In 2006 letter to Bush, Haniyeh offered compromise with Israel
Via U.S. prof., Hamas leader proposed state on 1967 borders and extended truce in order to abate conflict.
A few months after Hamas' 2006 election victory, leader Ismail Haniyeh tried to start a dialogue with U.S. President George W. Bush.
Haaretz has obtained a written message from Haniyeh sent to Bush via an American professor who met with Haniyeh in the Gaza Strip. Haniyeh asked Bush to lift the boycott of the Hamas government and pressure Israel to maintain stability in the region.
On June 6, 2006, Haniyeh met Dr. Jerome Segal of the University of Maryland in the Gaza Strip.
Segal had been involved in the Israeli-Palestinian peace process for many years and was one of the first Americans to meet Palestine Liberation Organization leaders in the late 1980s, even passing messages from senior PLO figures to then U.S. Secretary of State George Schultz. Segal's academic work brought him in contact with senior State Department and National Security Council officials throughout the Clinton administration. However, the relationship was severed during the Bush administration.
At the time of the meeting, Hamas was trying to establish its three-month-old government under an international boycott. The Quartet for Middle East peace had called on the organization to recognize Israel, disavow terror and honor existing agreements.
At the end of the meeting, Haniyeh dictated a short message he asked Segal to transmit to President Bush. Haniyeh spoke Arabic and Youssuf translated his words into English. Segal took down the letter in his notebook and Haniyeh and Youssuf both signed it.
Haniyeh wrote in the missive, "We are an elected government which came through a democratic process."
In the second paragraph, Haniyeh laid out the political platform he maintains to this day. "We are so concerned about stability and security in the area that we don't mind having a Palestinian state in the 1967 borders and offering a truce for many years," he wrote.
Haniyeh called on Bush to launch a dialogue with the Hamas government.

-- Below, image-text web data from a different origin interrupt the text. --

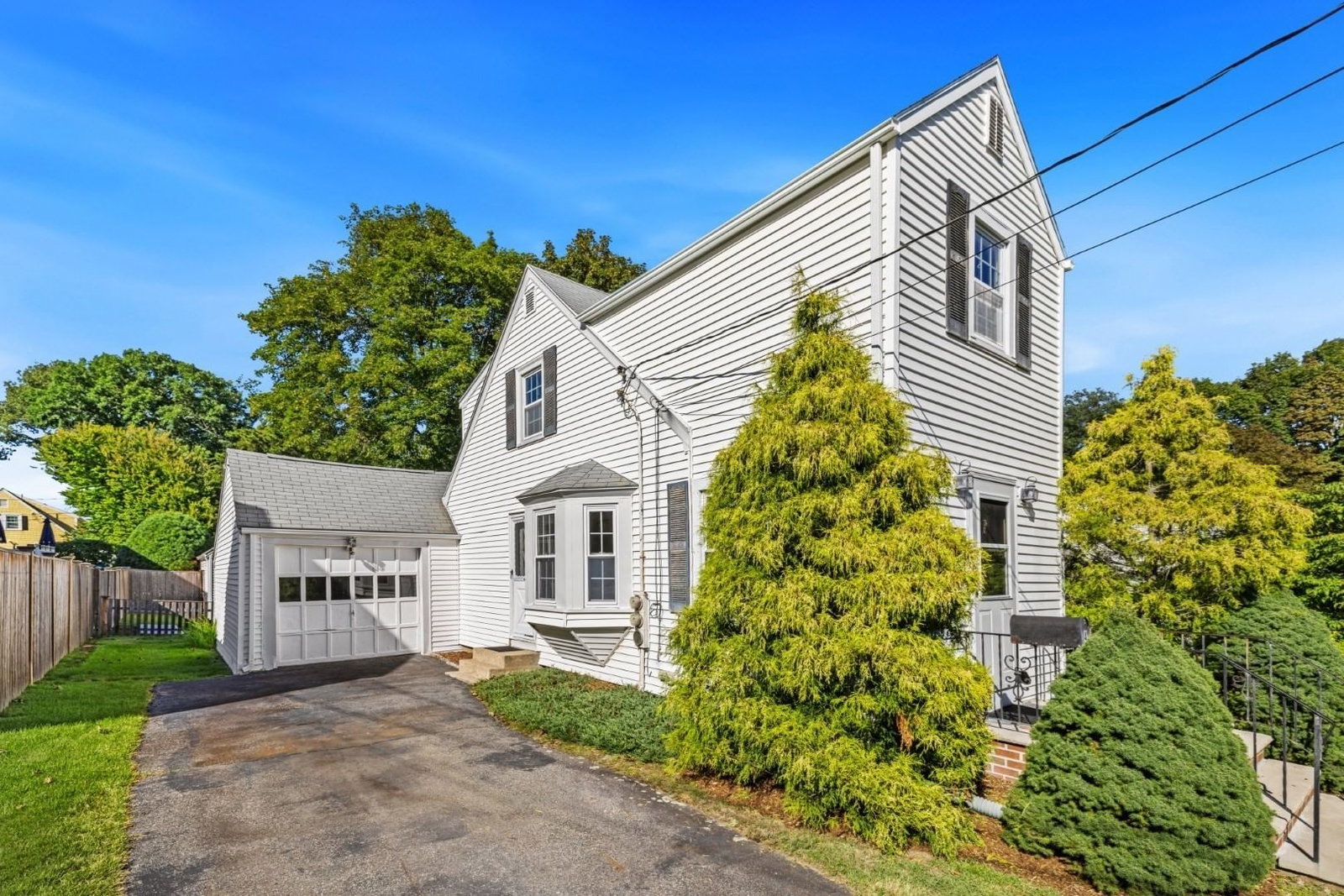 4 Stanton Road Stoneham — Photo 2 of 42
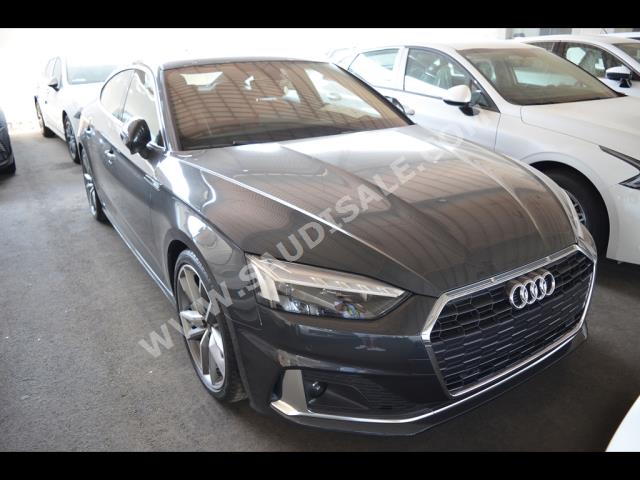 2023 اودي اي 5 40 تي اف اس اي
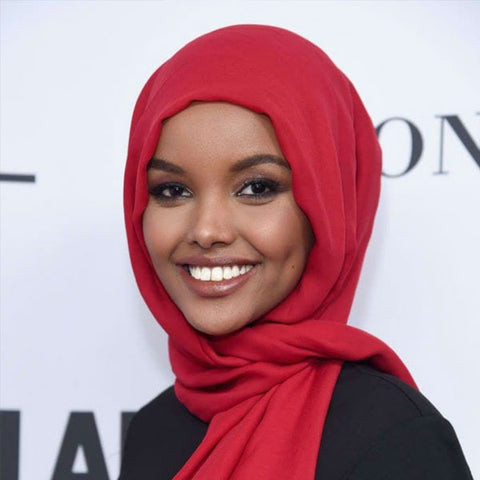 Modelo musulmana con Hijab Rojo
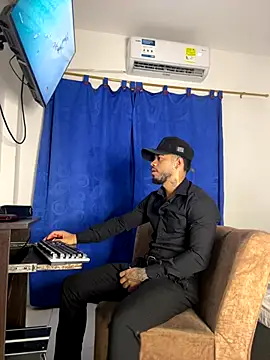 Kylian Alessandro online show from 15, 12, 2025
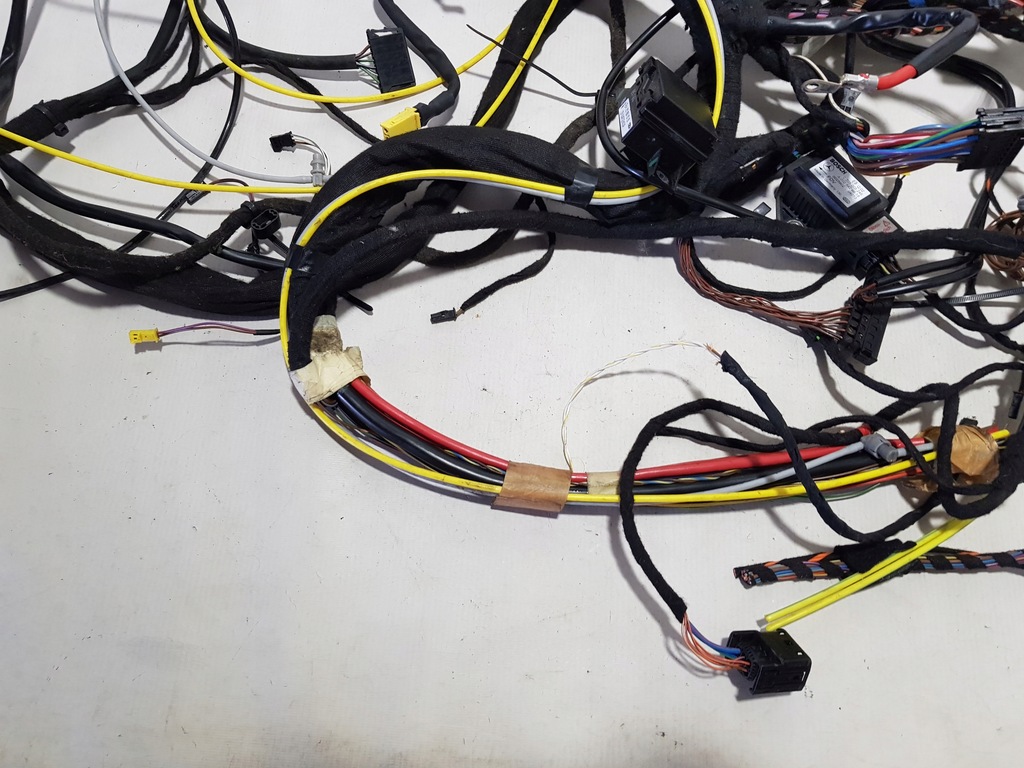 BATTERIEMODUL STAMMKABELBAUM MERCEDES SL R230 W230 2305400945 Product image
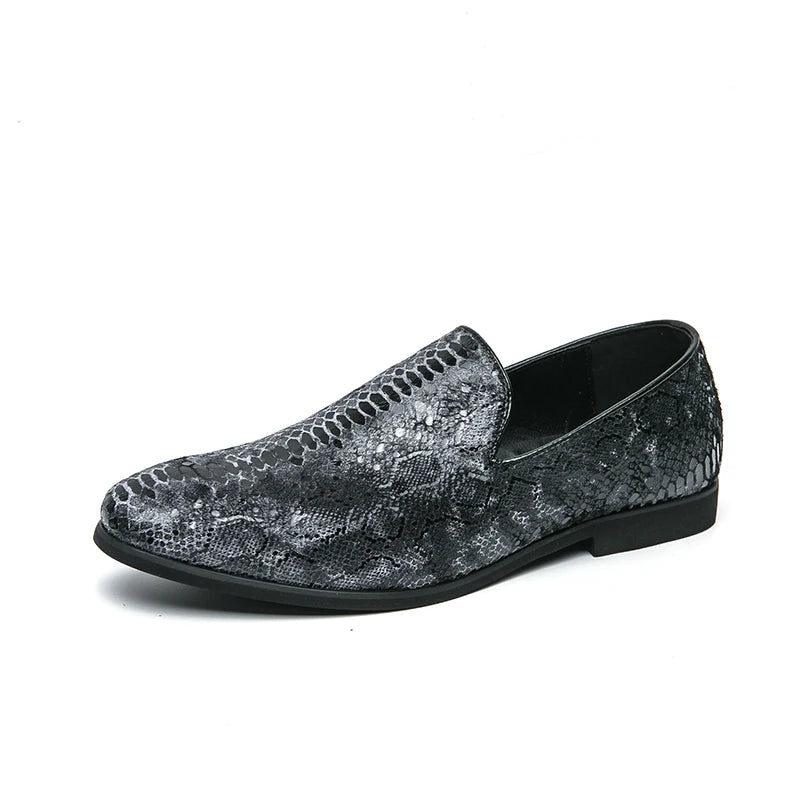 Chaussures de banquet pour hommes les plus vendues Europe Amérique Chaussures plates confortables à semelles souples Chaussures de bureau pour hommes d'affaires
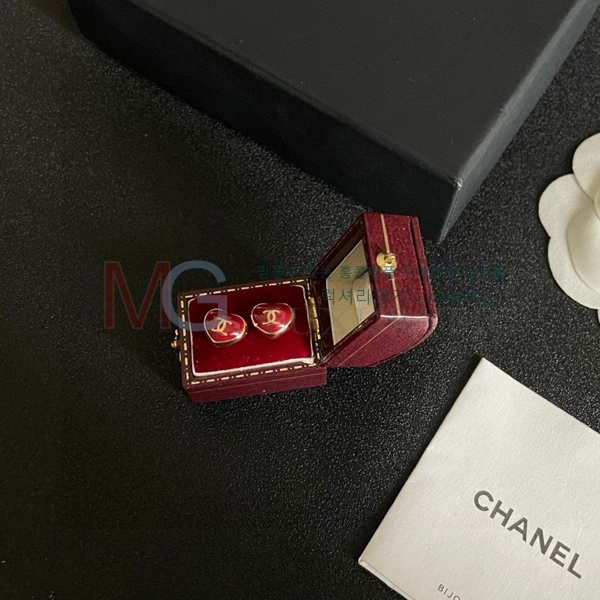 * Ͱ CH8066804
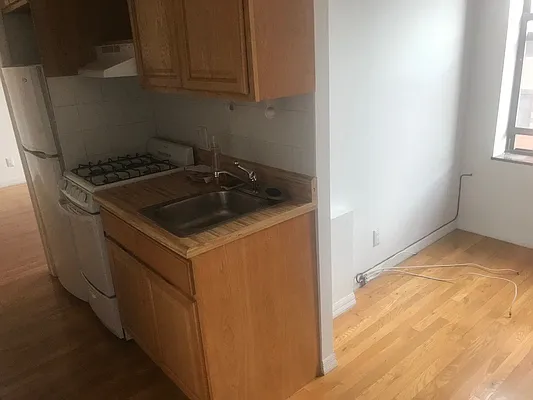 Rented by Michael Palmieri, LREB | media 12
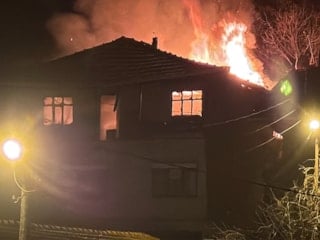 Karabük'te 3 katlı müstakil ev yandı: 1 kişi dumandan etkilendi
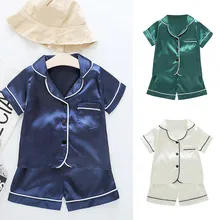 Пижамы для малышей Летняя шелковая одежда для сна, комплект одежды для мальчиков однотонная Пижамная футболка для девочек, штаны, шорты, комплект одежды Wy4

"We are not warmongers, we are peace makers and we call on the American government to have direct negotiations with the elected government," he wrote. Haniyeh also urged the American government to act to end the international boycott "because the continuation of this situation will encourage violence and chaos in the whole region."
Upon his return to the U.S. several days later, Segal gave State Department and NSC officials the original letter.
In his own letter, Segal emphasized that a state within the 1967 borders and a truce for many years could be considered Hamas' de facto recognition of Israel. He noted that in a separate meeting, Youssuf suggested that the Palestinian Authority and Israel might exchange ambassadors during that truce period. This was not the only covert message from Hamas to senior Bush administration officials. However, Washington did not reply to these messages and maintained its boycott of the Hamas government.